When I was a kid I had one great dream— to play major league baseball and take the field alongside my hero Mickey Mantle, who played center for the Yankees.  I played the game every day, played Little League in southern California for the Yankees, knew that somehow I’d wind up pitching in Yankee Stadium, and on days when I wasn’t pitching, playing third base and hitting home runs, being celebrated by other kids all over the country and have my photo on a bubble gum card.  By the time I was in high school, it was pretty clear that my dream of playing in the major leagues wasn’t going to come true.  I wasn’t a good enough hitter, not fast enough, not strong enough, not enough of an athlete.  My right arm hurt from years of throwing unsupervised curve balls and it looked like I was going to have to earn a living in the real world, rather than continuing to be a kid and play a game during the summer.  I turned to other sports, and became infatuated with the chess world.

I learned to play the game from books and joined a chess club.  I stayed up late playing through master games, learning about openings and end games, reading histories of all the world champions.  Early in high school I entered some sanctioned tournaments and got a rating, then began playing what then were called “postal games”, signing up for a league and communicating with my opponents by sending moves and counter-moves by mail.  I collected Chess magazines and my hero was Bobby Fischer, the teenager who astounded the chess world by challenging Russian domination of the game in the early 1960s.

By 1964 Bobby was world-famous.  He was an individualist and an iconoclast, throwing barbs at the Russians and making demands from tournament organizers and opponents alike.  Back then, world champion challengers gathered at tournaments and when Bobby went to Curacao to play for the right to challenge the champions he confronted three or four Russian players who regularly played short draws with each other in collusion.  It was pretty obvious what they were doing—making it easy on themselves to make it harder on Bobby.  He pitched a fit and went on a tour of the United States to promote himself and his new ideas about how to run a fair and honest championship cycle.

So, Bobby came to Wichita, where I was in school and living with my folks.  At the University, a lecture and simultaneous exhibition was announced and I signed up right away.  On the appointed day I was in the audience when Bobby appeared looking fairly impressive in brown suit and tie.  He was tall and spoke in a dramatic authoritative voice, giving a lecture and demonstration about a game he’d played that year against one of the Russian players, Ewfim Geller.  It was fabulous.

 

Then came time to play.  There were forty-four of us ranged around a large, rectangular area.  All the challengers played black, Bobby walking briskly from board to board, making resoundingly quick moves after a glance at the game.  At first, Bobby didn’t come by too quickly, and I felt I had a chance to think.  I was nervous and wanted to give him a tussle.  But, other players began dropping out and Bobby came by more and more often.  It didn’t seem like I had any time.  I lost a pawn and then another and maybe a piece or two, I don’t recall.  After about fifteen moves or so, my position was utterly hopeless but I played on to the bitter end, getting checkmated in an embarrassingly horrid fashion.  That day, Bobby won forty-three and drew one.  I have no idea what person managed a draw, but my hat is off to him.

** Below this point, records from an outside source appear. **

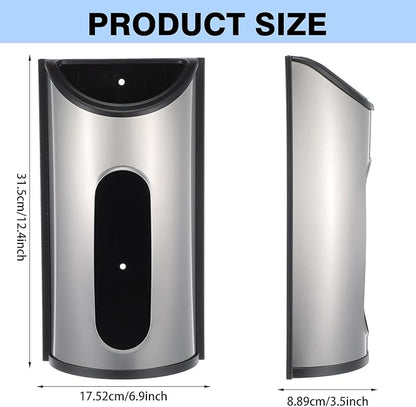 2 Pcs Stainless Steel Grocery Bag Holder Plastic Bag Organizer Wall Mounted Trash Bags Dispenser for Kitchen Pantry Cabinet Garage Storage Space Saving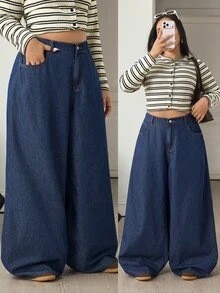 Flexra Festival Plus Size Women Blue Non-Stretch Loose Sexy Wide Leg Denim Jeans - Dark Wash - View 7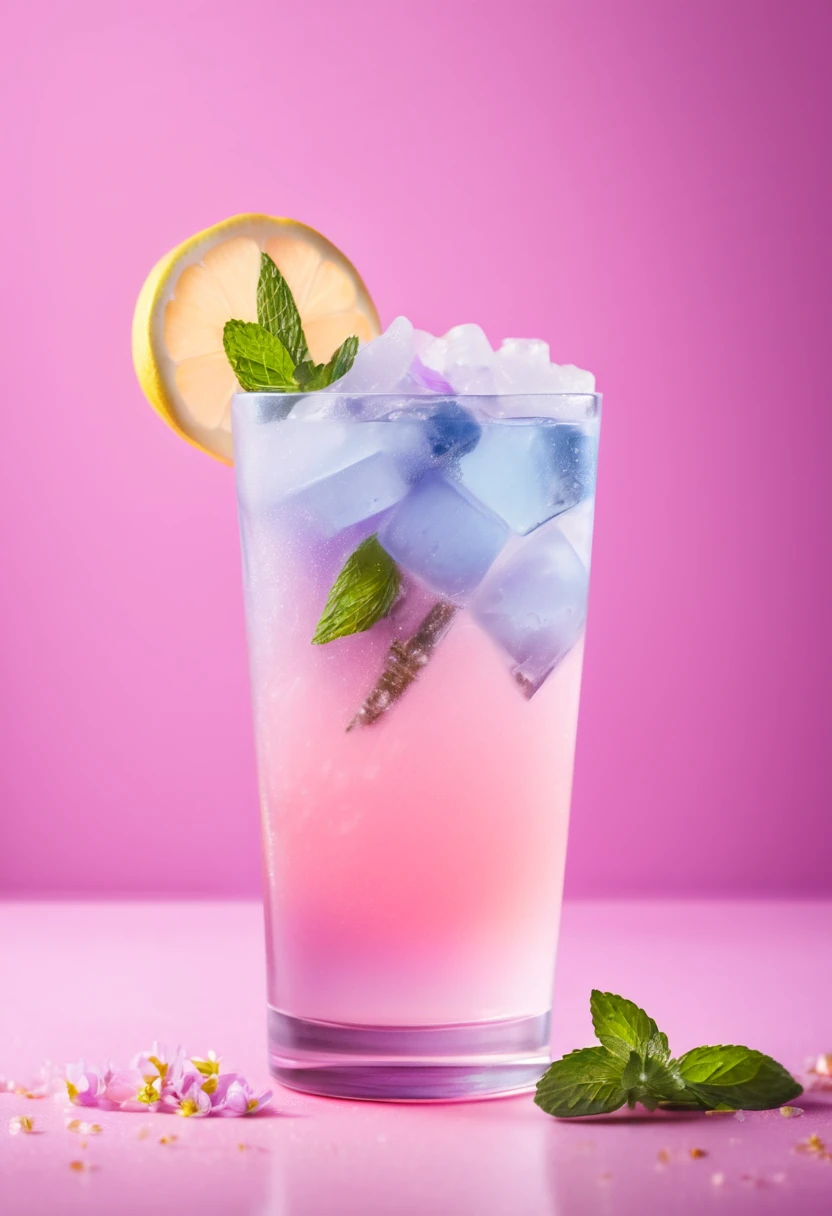 Refreshing and elegant, a beautiful layered cocktail, purple, blue and pink mug filled with crushed ice, decorated with lemon slices and delicate flowers, on a clean, minimalist pink background, Studio, SONY A7R II,90mm f,2.8 macro, bright, crisp colors, non-alcoholic cocktails, purple and pink cocktails, ginger beer, Sparkling water, translucent, honey, mint, food photography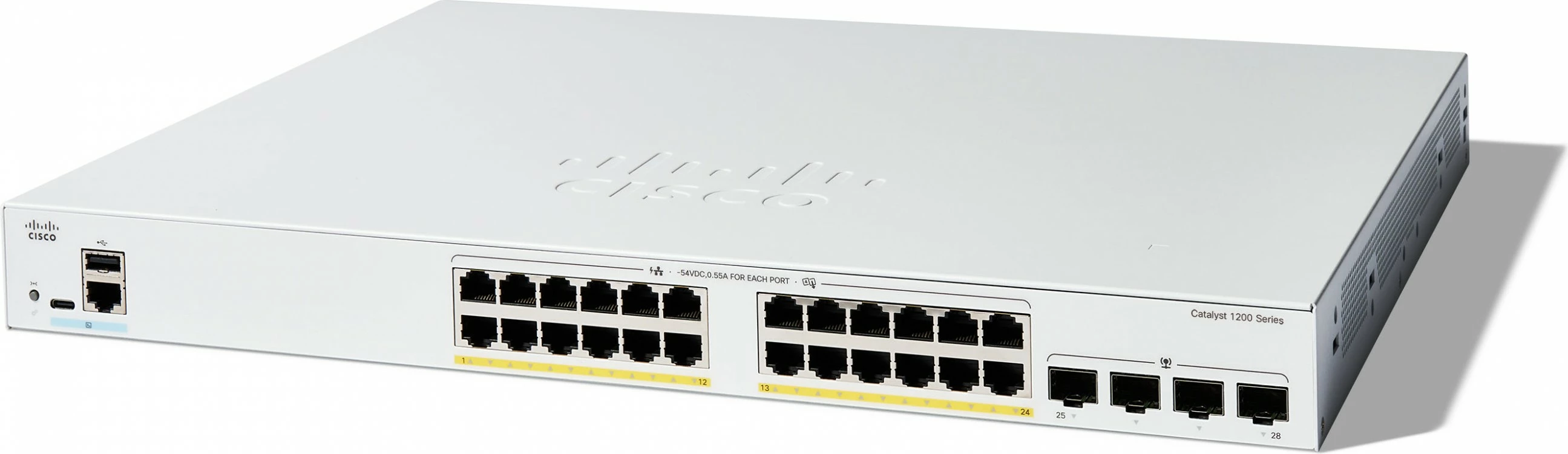 Switch Cisco Catalyst 1200-24FP-4G, 24 porta GE, Full PoE, 4x1GE SFP, Managed, i bardhë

Bobby died a couple of years ago, schizophrenic and raving.  His loss was a tragedy of enormous proportions given what he could have done for American chess and what he actually did do.

One thing I remember clearly.  I looked at his suit and tie and was impressed.  But I noticed he wore mismatched blue socks and clunky shoes.  So, when it came time to create Mitch Roberts, my Wichita private-eye, he was (like Philip Marlow) a chess playing sleuth and didn’t have much of a fashion sense.